THE INPUT: Begin

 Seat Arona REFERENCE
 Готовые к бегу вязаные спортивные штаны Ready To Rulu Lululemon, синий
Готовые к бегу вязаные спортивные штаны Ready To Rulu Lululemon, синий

THE INPUT: End
THE INPUT: Begin

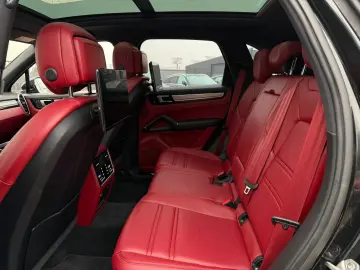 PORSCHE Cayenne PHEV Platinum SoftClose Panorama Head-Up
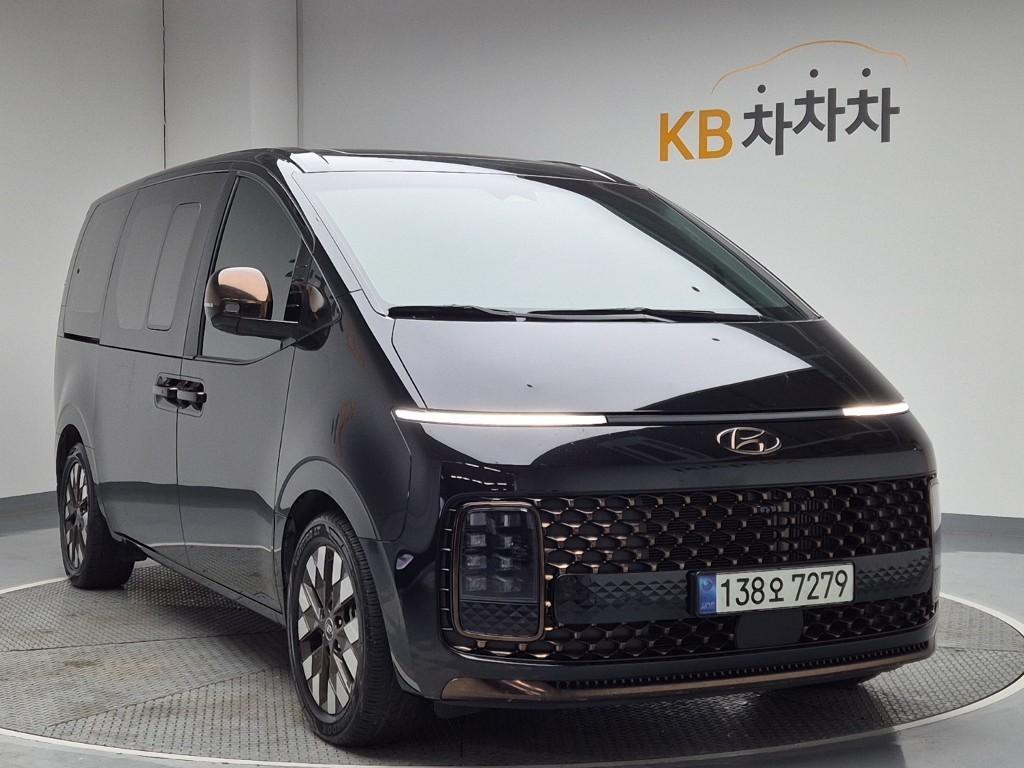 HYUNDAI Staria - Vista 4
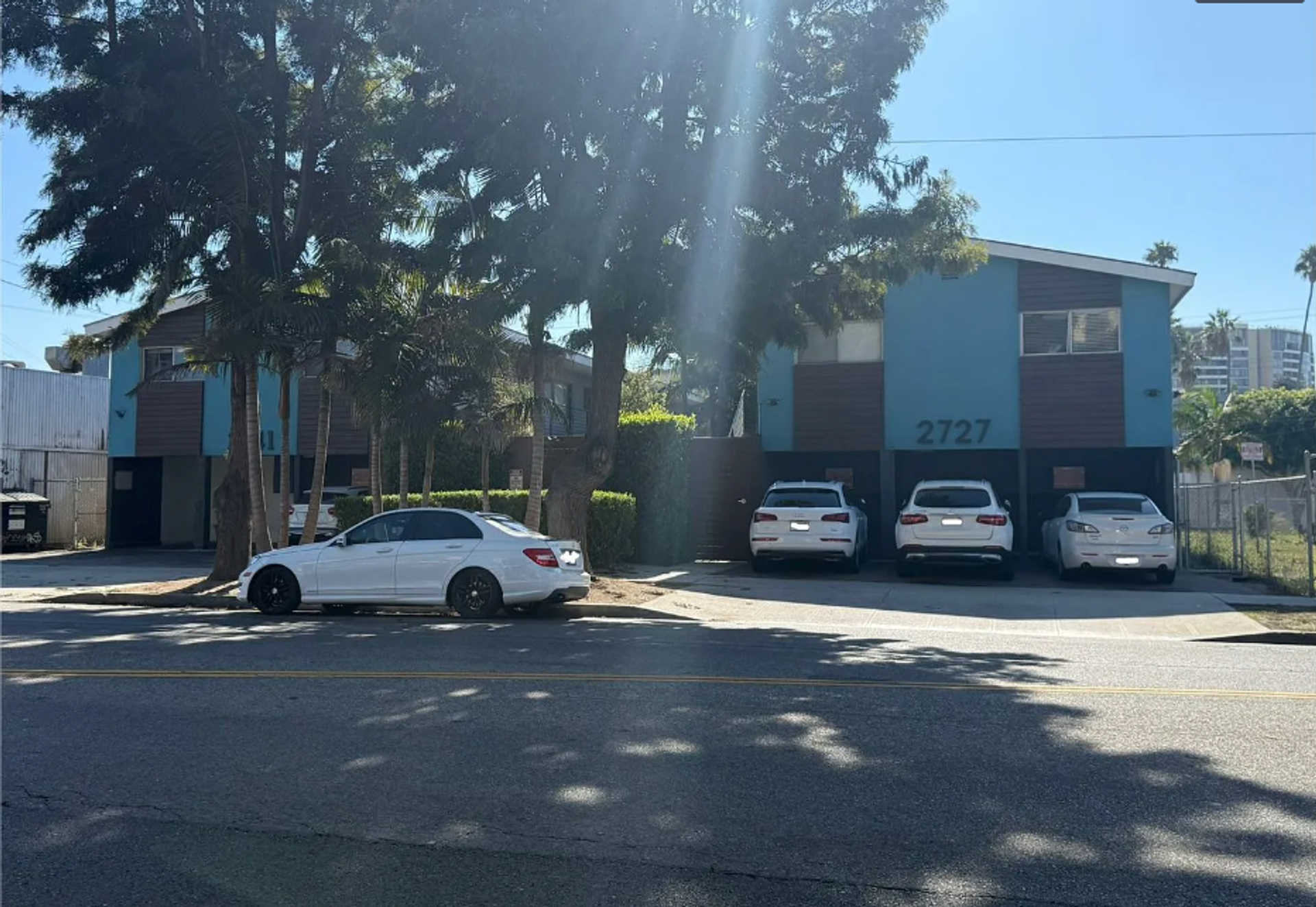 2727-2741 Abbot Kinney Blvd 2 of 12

THE INPUT: End
THE INPUT: Begin

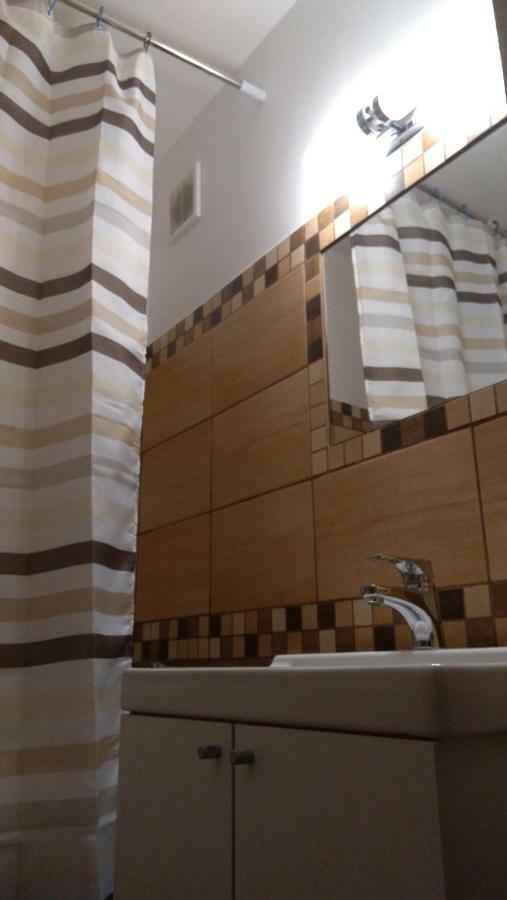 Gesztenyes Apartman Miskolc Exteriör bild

THE INPUT: End

§ WORK REQUIRED
The task calls for every line of the material that contains the string "Готовые".

§ WRITTEN SOLUTION
 Готовые к бегу вязаные спортивные штаны Ready To Rulu Lululemon, синий
Готовые к бегу вязаные спортивные штаны Ready To Rulu Lululemon, синий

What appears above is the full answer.